Photo de Famille : la petite surprise de la rentrée

Entre rires et larmes, tendresse et émotion brute, « Photo de Famille » est une comédie dramatique réussie et sublimée par un formidable casting.

 

Il y a deux domaines dans lesquels le paysage cinématographie français s’exerce pleinement : les comédies populaires, où s’expriment, ne serait-ce que cette année, des « réussites » au box-office du style Les Tuches 3 ou La Ch’tite Famille ; et les drames familiaux, avec très souvent un savoureux programme constitué de conflits et de tromperies, enrôlé d’un manque cruel de communication. Photo de Famille appartient clairement à la deuxième catégorie !

 

Notre long métrage du jour est un cliché d’un instant donné d’une famille dont les nombreux non-dits ont rythmé la vie. D’un côté, les parents (Jean-Pierre Bacri et Chantal Lauby), divorcés et se reconstruisant chacun de leur côté, de l’autre les 3 enfants (Vanessa Paradis, Camille Cottin, Pierre Deladonchamps), le tout chapeauté par une grand-mère atteinte d’Alzheimer (Claudette Walker). À la mort du mari de cette dernière, tout ce petit monde se pose cette question alimentant bon nombre de débats et futures discordes : que faire de Mamie ? La placer en maison de retraite ? Ou faire selon son souhait, l’enterrer à Saint Remy, sa ville originelle ?

 

 

Bien que la bande annonce laissait présager un drame autour de la maladie d’Alzheimer et des conséquences au sein de la famille, Photo de Famille va au contraire davantage s’intéresser aux relations qui unissent tous les personnages. Libre ensuite à la réalisatrice Cécilia Rouaud, dont c’est le deuxième long-métrage, de nous présenter la galerie de ces derniers, constituant de surcroit le sel du film.

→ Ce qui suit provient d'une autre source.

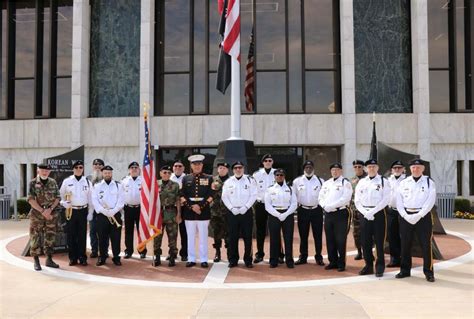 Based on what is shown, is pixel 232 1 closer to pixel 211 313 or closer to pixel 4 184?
pixel 211 313

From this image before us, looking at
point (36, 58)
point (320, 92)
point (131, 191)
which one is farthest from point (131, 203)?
point (36, 58)

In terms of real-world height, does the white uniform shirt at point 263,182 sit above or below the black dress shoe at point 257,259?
above

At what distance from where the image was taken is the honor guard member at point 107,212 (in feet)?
26.9

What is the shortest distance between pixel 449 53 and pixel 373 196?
13933 mm

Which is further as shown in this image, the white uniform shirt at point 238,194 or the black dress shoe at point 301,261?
the black dress shoe at point 301,261

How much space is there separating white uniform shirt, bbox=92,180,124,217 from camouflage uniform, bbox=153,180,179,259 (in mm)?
839

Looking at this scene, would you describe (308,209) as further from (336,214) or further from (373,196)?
(373,196)

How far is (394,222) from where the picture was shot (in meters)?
8.46

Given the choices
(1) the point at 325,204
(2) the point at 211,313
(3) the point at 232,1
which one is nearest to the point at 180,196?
(1) the point at 325,204

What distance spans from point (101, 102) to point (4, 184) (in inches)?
209

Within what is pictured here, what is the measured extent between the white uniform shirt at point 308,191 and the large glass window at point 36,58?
1412cm

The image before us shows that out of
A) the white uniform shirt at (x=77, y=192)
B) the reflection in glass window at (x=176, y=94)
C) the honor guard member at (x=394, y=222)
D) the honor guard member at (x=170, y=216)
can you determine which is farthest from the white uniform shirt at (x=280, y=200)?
the reflection in glass window at (x=176, y=94)

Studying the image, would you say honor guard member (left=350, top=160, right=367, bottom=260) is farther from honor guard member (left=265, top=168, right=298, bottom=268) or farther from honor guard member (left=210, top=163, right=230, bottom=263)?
honor guard member (left=210, top=163, right=230, bottom=263)

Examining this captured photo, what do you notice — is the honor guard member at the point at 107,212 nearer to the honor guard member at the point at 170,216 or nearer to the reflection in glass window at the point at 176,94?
the honor guard member at the point at 170,216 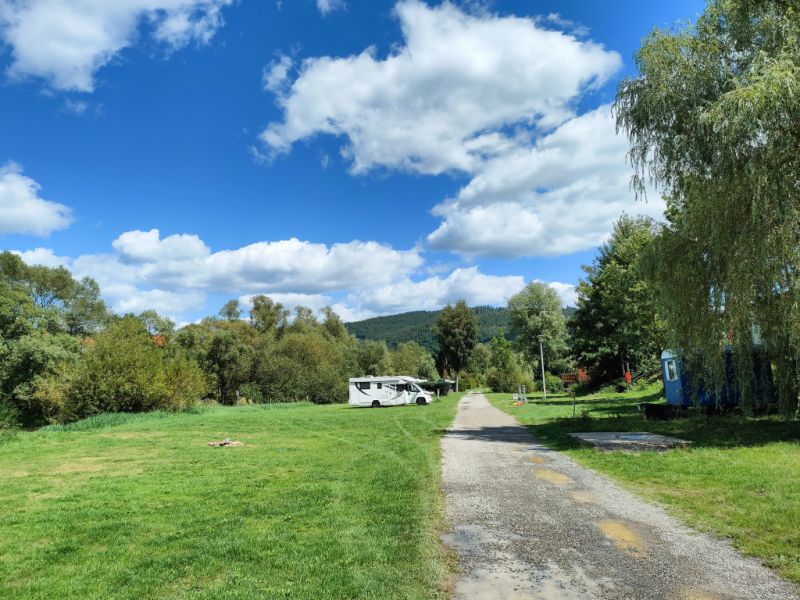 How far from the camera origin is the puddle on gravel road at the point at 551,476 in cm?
849

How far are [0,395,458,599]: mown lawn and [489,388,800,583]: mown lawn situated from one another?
10.2 ft

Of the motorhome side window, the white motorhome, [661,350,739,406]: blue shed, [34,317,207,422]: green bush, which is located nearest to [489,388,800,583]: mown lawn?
[661,350,739,406]: blue shed

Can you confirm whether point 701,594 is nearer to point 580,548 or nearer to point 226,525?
point 580,548

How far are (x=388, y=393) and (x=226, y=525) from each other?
3285 centimetres

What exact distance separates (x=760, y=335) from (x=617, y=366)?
3117 cm

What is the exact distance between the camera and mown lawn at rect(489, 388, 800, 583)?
5.38 metres

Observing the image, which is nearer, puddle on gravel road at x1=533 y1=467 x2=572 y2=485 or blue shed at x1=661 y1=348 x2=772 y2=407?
puddle on gravel road at x1=533 y1=467 x2=572 y2=485

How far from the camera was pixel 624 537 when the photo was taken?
18.0ft

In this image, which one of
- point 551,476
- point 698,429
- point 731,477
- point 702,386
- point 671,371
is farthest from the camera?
point 671,371

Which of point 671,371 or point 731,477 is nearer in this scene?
point 731,477

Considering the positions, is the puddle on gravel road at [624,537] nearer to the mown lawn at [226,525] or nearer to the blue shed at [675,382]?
the mown lawn at [226,525]

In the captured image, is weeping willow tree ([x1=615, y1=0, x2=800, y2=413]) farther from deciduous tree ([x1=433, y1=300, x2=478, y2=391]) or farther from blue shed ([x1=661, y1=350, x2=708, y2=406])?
deciduous tree ([x1=433, y1=300, x2=478, y2=391])

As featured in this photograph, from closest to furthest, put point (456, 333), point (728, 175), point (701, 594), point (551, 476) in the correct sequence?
point (701, 594) < point (551, 476) < point (728, 175) < point (456, 333)

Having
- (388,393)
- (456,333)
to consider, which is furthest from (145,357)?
(456,333) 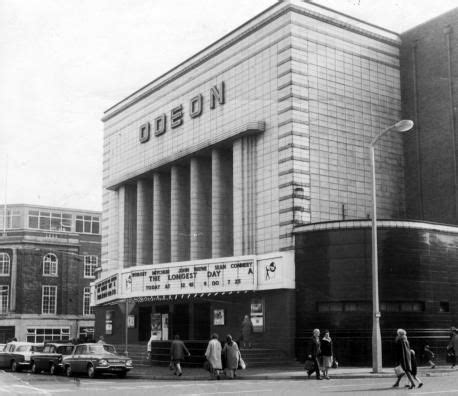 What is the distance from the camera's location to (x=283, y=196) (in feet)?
113

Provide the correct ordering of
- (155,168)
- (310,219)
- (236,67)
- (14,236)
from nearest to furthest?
(310,219), (236,67), (155,168), (14,236)

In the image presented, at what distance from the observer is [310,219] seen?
34156 mm

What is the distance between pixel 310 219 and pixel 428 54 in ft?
38.5

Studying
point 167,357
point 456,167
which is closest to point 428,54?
point 456,167

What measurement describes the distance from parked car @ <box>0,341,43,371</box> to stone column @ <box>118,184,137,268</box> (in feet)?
45.6

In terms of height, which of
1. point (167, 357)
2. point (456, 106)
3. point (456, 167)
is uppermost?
point (456, 106)

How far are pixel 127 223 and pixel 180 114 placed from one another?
9.79 metres

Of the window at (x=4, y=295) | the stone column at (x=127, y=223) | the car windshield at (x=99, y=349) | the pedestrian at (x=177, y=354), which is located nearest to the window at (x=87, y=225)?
the window at (x=4, y=295)

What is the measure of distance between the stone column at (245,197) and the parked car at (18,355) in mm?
11063

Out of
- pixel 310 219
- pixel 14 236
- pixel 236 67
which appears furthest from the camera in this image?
pixel 14 236

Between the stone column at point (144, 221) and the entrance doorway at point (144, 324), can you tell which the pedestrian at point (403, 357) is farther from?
the stone column at point (144, 221)

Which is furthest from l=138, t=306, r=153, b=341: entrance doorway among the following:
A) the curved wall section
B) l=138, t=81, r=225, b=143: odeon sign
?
the curved wall section

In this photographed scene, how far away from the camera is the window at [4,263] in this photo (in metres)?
72.8

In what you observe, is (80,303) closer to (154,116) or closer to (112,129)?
(112,129) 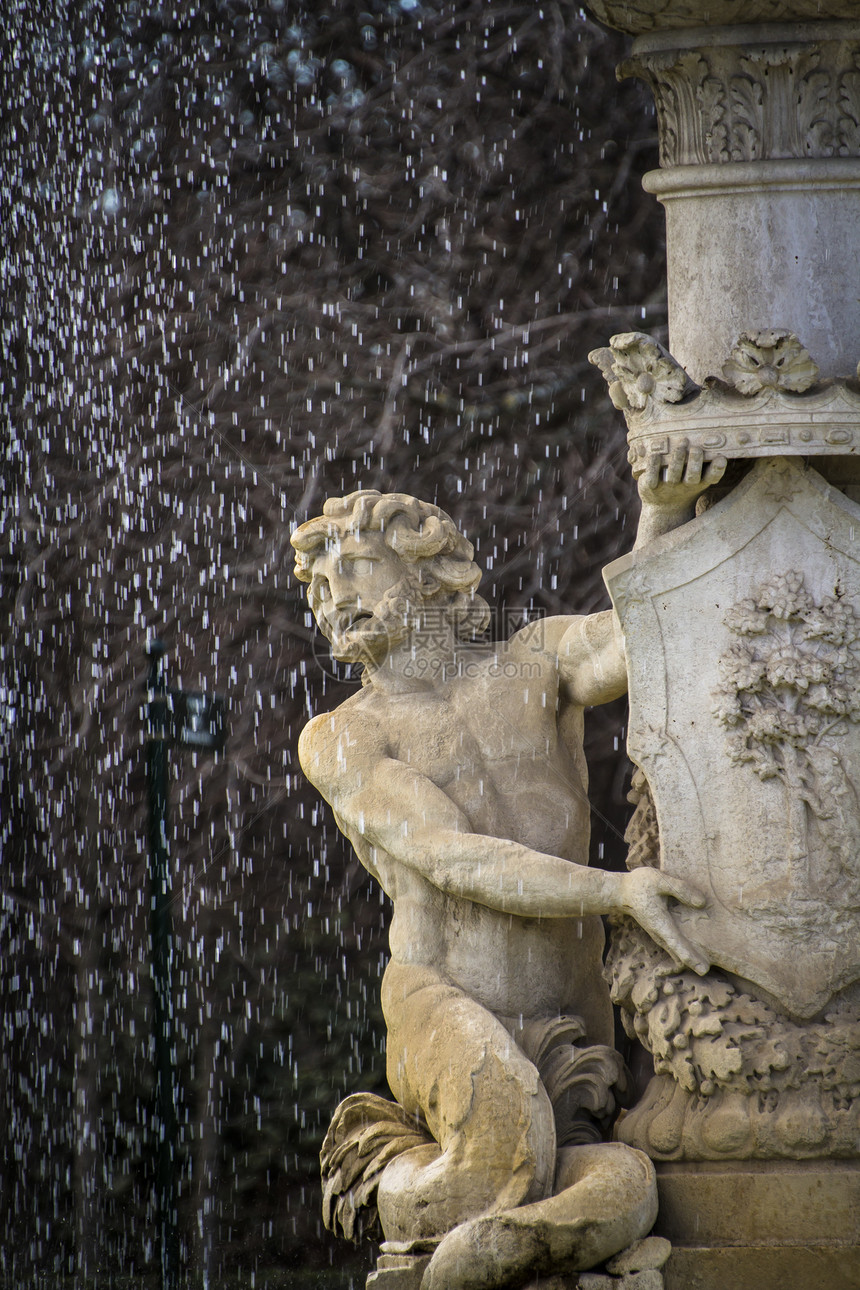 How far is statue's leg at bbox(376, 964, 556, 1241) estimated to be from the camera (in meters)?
3.78

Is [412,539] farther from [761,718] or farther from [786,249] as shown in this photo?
[786,249]

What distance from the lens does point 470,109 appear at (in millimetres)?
5934

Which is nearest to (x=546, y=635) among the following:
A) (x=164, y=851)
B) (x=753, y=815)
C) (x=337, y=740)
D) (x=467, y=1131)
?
(x=337, y=740)

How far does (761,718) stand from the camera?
12.7ft

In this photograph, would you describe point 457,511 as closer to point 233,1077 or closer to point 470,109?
point 470,109

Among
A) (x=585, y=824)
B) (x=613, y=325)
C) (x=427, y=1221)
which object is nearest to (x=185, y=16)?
(x=613, y=325)

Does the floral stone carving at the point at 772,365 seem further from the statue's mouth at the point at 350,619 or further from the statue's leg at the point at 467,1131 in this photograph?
the statue's leg at the point at 467,1131

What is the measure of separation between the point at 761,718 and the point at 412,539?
76 centimetres

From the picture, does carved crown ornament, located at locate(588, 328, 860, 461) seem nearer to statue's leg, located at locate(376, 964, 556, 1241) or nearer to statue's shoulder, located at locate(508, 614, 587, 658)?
statue's shoulder, located at locate(508, 614, 587, 658)

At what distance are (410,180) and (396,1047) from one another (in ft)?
9.06

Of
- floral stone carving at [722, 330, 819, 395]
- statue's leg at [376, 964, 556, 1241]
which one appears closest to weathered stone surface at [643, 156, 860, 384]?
floral stone carving at [722, 330, 819, 395]

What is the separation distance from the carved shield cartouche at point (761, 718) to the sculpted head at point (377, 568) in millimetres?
435

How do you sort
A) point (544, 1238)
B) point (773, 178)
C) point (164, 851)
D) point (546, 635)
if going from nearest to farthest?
point (544, 1238) → point (773, 178) → point (546, 635) → point (164, 851)

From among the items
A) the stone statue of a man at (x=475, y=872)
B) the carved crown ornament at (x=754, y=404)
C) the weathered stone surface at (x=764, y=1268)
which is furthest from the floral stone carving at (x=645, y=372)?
the weathered stone surface at (x=764, y=1268) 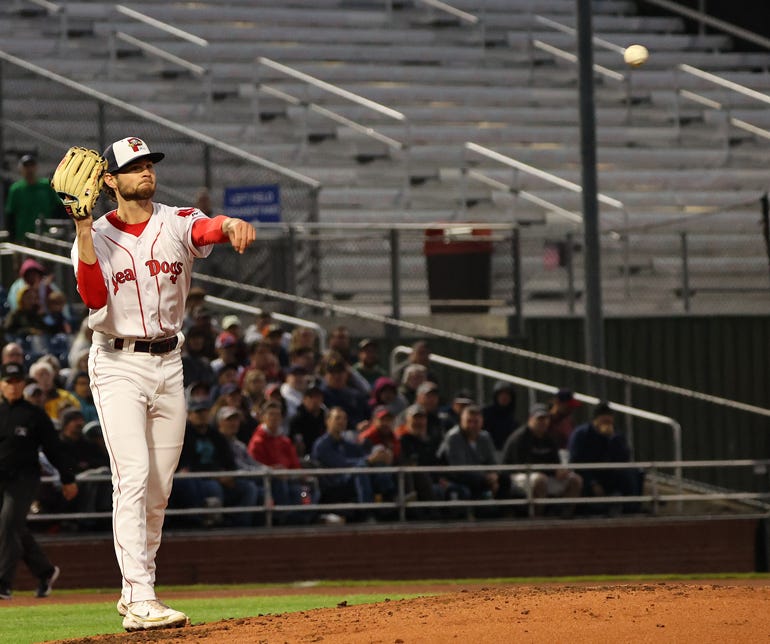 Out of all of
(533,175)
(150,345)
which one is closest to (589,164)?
(533,175)

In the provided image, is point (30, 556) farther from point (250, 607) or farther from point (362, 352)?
point (362, 352)

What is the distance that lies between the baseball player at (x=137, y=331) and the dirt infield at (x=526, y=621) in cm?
41

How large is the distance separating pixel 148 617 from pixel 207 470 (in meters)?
6.57

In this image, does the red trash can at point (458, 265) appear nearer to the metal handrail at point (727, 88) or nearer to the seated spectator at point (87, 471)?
the seated spectator at point (87, 471)

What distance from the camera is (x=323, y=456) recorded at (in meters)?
14.6

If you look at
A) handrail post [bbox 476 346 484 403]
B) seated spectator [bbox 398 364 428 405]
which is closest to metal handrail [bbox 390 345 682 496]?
handrail post [bbox 476 346 484 403]

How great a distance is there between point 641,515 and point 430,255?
4831 millimetres

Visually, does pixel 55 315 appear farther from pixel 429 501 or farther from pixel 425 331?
pixel 429 501

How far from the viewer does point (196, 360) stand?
15336mm

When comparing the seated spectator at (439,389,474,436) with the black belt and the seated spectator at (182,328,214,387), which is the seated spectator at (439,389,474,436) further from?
the black belt

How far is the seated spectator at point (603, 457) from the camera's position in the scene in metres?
15.3

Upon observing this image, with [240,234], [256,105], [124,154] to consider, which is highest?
[256,105]

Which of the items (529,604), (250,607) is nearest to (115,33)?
(250,607)

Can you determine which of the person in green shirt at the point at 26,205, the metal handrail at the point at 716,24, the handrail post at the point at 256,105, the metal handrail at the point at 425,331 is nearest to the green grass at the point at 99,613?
the metal handrail at the point at 425,331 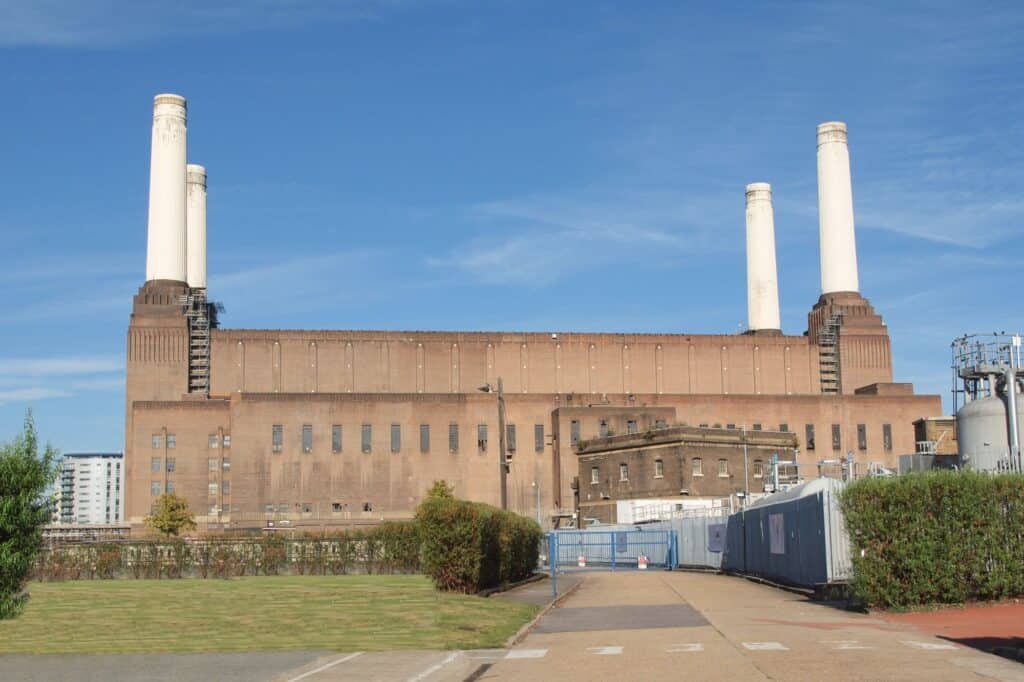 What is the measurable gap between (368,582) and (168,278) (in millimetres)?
73511

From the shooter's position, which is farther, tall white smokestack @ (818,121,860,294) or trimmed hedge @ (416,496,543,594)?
tall white smokestack @ (818,121,860,294)

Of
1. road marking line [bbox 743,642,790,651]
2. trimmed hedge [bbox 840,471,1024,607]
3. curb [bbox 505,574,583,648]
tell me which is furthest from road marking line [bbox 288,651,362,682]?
trimmed hedge [bbox 840,471,1024,607]

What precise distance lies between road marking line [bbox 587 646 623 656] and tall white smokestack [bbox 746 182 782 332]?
10552 centimetres

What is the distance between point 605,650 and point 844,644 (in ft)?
12.2

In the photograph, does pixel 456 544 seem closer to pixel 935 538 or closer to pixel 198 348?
pixel 935 538

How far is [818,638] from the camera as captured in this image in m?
21.0

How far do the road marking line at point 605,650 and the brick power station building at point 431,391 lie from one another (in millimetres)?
80479

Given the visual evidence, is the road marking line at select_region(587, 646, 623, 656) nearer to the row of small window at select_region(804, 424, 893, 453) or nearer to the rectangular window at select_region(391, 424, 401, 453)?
the rectangular window at select_region(391, 424, 401, 453)

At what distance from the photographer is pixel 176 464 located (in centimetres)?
10088

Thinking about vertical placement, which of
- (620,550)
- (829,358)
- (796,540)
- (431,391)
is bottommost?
(620,550)

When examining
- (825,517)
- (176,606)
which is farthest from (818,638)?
(176,606)

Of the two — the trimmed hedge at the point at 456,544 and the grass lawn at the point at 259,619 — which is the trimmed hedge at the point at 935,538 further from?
the trimmed hedge at the point at 456,544

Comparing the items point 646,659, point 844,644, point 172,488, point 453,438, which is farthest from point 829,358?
point 646,659

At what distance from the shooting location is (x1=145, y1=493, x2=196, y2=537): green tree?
91750 millimetres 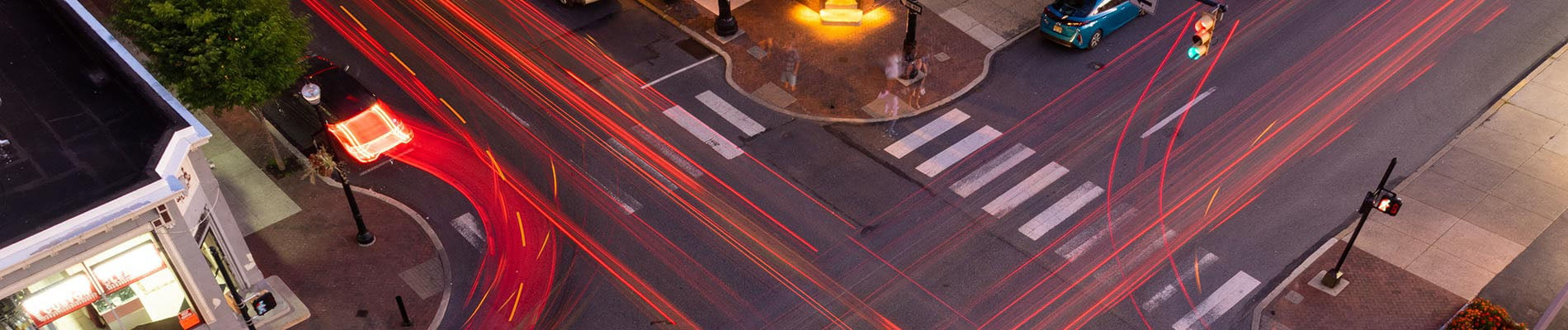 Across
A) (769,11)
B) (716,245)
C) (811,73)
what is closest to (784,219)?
(716,245)

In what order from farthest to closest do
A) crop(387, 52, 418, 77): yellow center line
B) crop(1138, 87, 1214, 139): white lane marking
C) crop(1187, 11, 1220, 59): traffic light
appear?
crop(387, 52, 418, 77): yellow center line < crop(1138, 87, 1214, 139): white lane marking < crop(1187, 11, 1220, 59): traffic light

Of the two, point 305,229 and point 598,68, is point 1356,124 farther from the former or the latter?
point 305,229

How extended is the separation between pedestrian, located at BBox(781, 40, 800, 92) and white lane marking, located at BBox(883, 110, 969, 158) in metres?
3.73

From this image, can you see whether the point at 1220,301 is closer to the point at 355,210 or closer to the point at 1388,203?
the point at 1388,203

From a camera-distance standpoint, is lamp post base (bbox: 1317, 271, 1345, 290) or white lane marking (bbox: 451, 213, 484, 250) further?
white lane marking (bbox: 451, 213, 484, 250)

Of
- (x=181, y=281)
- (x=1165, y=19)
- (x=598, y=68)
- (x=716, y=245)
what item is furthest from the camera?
(x=1165, y=19)

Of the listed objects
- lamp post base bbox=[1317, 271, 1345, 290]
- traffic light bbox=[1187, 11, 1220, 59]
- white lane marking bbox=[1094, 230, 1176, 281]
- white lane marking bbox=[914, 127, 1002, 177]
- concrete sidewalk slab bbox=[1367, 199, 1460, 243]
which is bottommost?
white lane marking bbox=[914, 127, 1002, 177]

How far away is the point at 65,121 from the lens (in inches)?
937

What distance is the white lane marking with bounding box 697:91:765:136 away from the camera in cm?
3284

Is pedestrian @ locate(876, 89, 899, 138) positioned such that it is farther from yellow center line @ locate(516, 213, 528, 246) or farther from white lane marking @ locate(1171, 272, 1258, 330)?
yellow center line @ locate(516, 213, 528, 246)

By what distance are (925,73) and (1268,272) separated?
10792 mm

À ce titre, tous les personnages sont facilement identifiables de par leurs caractéristiques. On retrouve pêle-mêle la fille névrosée ne réussissant pas à avoir un enfant, la mère de famille ne cherchant plus l’amour et se battant pour garder son fils auprès d‘elle, le fils dépressif beaucoup plus à l’aise avec les chiffres et les jeux-vidéo que les relations humaines, le père de famille voulant se reconstruire après son divorce avec une fille beaucoup plus jeune… Cette juxtaposition de caractères entraîne par conséquent un scénario convenu, dont la mécanique, parfaitement huilée, l’est justement trop. À trop vouloir donner dans la caractérisation précise, Cécilia Rouaud rend son film moins naturel, assez classique et prévisible dans son déroulement, et déjà vu dans bien d’autres films.

 

Mais classique ne veut absolument pas dire raté. Loin de là ! Car Photo de Famille est pour ainsi dire l’illustration parfaite de l’adage que c’est dans les vieux pots qu’on fait les meilleures soupes. Tout y est parfaitement exécuté, tant au niveau de la direction artistique que de l’interprétation des comédiens. Ces derniers sont justement le point fort du film, avec en tête un impeccable Jean-Pierre Bacri, s’éloignant des personnages plutôt bougons auxquels on a l’habitude de le voir, et livrant de façon juste et sobre les scènes les plus drôles du film, mais aussi les plus fortes émotionnellement parlant. Il suffit d’assister au tête-à-tête avec sa mère pour facilement s’en convaincre.

 

Photo de Famille est ainsi ce qu’on fait de mieux en matière de comédie dramatique française. Par ce réalisme des sentiments évoqués et des relations entre les personnages, le spectateur se laisse attendrir. Et se surprend même d’une douce mélancolie, à l’image des couleurs passées des photos des enfants jeunes, faites à l’aide de polaroïds.